The sudden death of North Korea's long-serving "Dear Leader," Kim Jong-il, has propelled the world's last remaining Stalinist state back into the international spotlight. In the process, it has refocused attention on one of the most stubborn strategic dilemmas facing the United States.
The Democratic People's Republic of Korea has bedeviled American policymakers for as long as most people can remember. Under the nearly 6 1/2-decade-old dynasty headed first by "Great Leader" Kim Il-sung and more recently by the recently departed Mr. Kim, North Korea emerged as a global sponsor of terrorism, a nuclear-armed rogue state and a brutal prison for its own captive and impoverished population. Now, Mr. Kim's demise has raised new questions about the future of the "Hermit Kingdom."

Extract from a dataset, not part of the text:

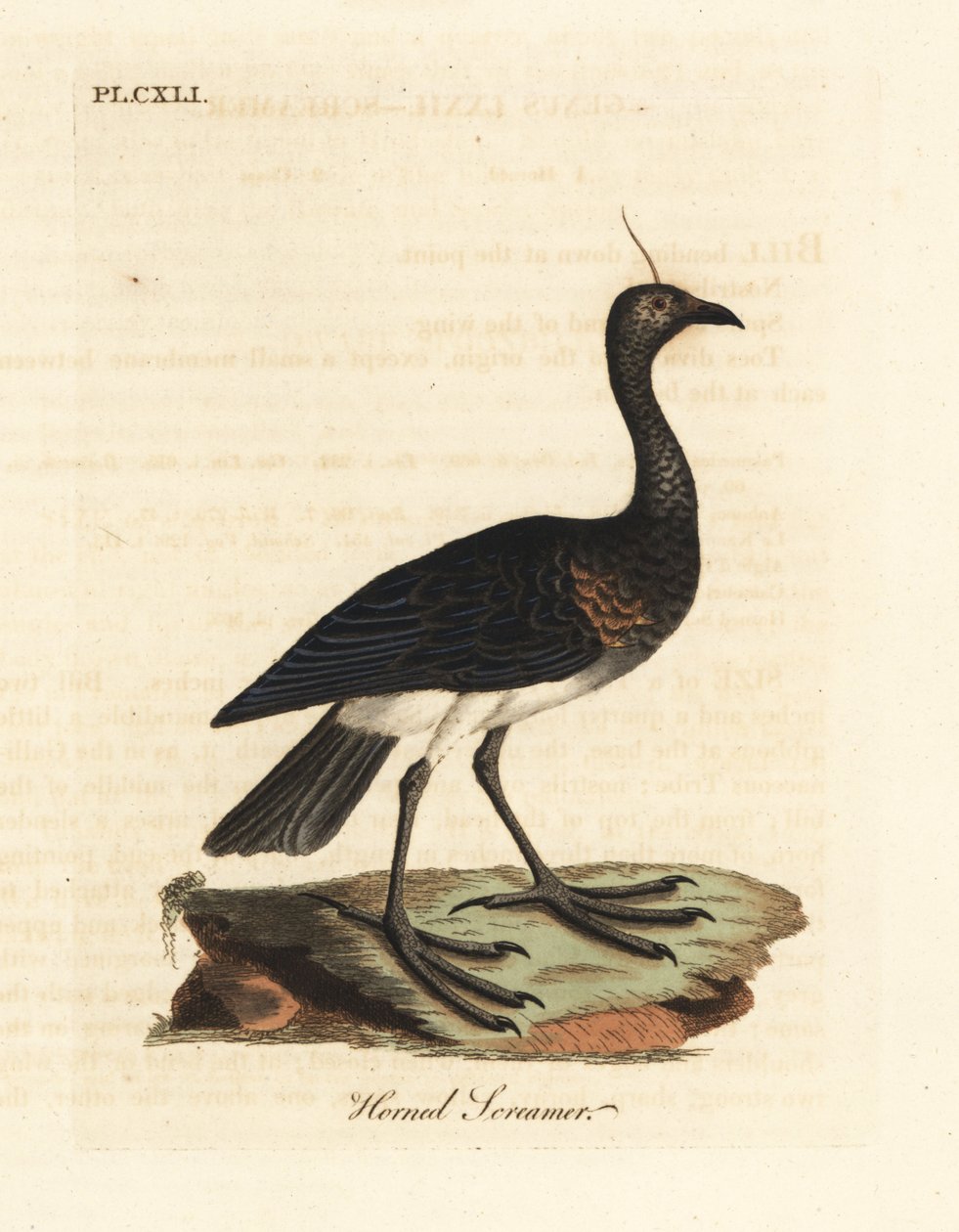 Hornet skriger, Anhima cornuta (Palamedea cornuta). Håndfarvet kobberplade tegnet og graveret af John Latham fra hans egen A General History of Birds, Winchester af John Latham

The first revolves around leadership. Kim Jong-il's 29-year-old son, Kim Jong-un, already has been anointed publicly as the "Great Successor" to the Kim legacy. But North Korea's new leader is a political neophyte, having emerged into the national spotlight over just the past 3 1/2 years, following an August 2008 stroke that significantly impaired his father. Kim Jong-il, by contrast, enjoyed nearly three decades of prominent on-the-job training while his father, Kim Il-sung, ruled in Pyongyang. As a result, it is exceedingly likely that the younger Mr. Kim will be steered to a significant degree by the regime's real center of gravity: the powerful military cabal known as the National Defense Commission.
Rule by committee isn't the only possible consequence of Mr. Kim's passing. The North could be on the cusp of a new era of domestic strife as internal factions jockey for political position. Indeed, recent shows of force by the North Korean military in the wake of Mr. Kim's death could well be the outward signs of a struggle for political primacy taking place within the country. Under those circumstances, the notoriously unpredictable regime in Pyongyang could become even more so - with potentially devastating consequences for regional security in East Asia.
Then there is the issue of North Korea's strategic capabilities. Kim Jong-il can be credited for making his country a truly international menace while he was in power. In the fall of 2002, Pyongyang caught Washington by surprise when it announced that it was a de facto nuclear power, having quietly erected a secret offensive nuclear program over the preceding decade in violation of the 1994 Agreed Framework negotiated with the Clinton administration. North Korea's strategic advances, in turn, have become a key source of global commerce and international prestige for Pyongyang. The regime, for example, is known to have provided significant assistance to Iran's ballistic-missile program for years. Syria's nuclear effort, too, is thought to have benefited from North Korean help until it was forcibly derailed by Israel in 2007.
The George W. Bush administration initially responded to these developments strategically. It did so by expanding missile-defense cooperation with regional allies such as Japan, investing in counterproliferation schemes such as the Proliferation Security Initiative, and isolating the Kim regime through biting economic sanctions. Over time, however, it backed away from those efforts, making multilateral diplomacy via the Six Party Talks the principal vehicle by which to address North Korea's menace. Since the effective breakdown of negotiations in 2008, Washington's approach toward Pyongyang has come to be defined by nothing.
Such inaction is no longer an option. There certainly is a slim hope that the passing of Kim Jong-il might end up ushering in a less radical regime in Pyongyang. Far more likely, however, is that the death of the Dear Leader will touch off a phase of domestic instability in North Korea and a period of heightened danger to its immediate neighborhood. In response, the United States needs a new North Korea strategy - one designed to reassure nervous regional allies through greater investments in security arrangements and defense capabilities and to expand our capacity to better contain and isolate the regime anew if and when it becomes necessary to do so.
Recent weeks have seen the Obama administration shift its attention away from the troubled Middle East and toward Asia in search of a much-needed foreign-policy victory. Now, quite unexpectedly, managing North Korea's transition is fast emerging as a crucial test of that pivot.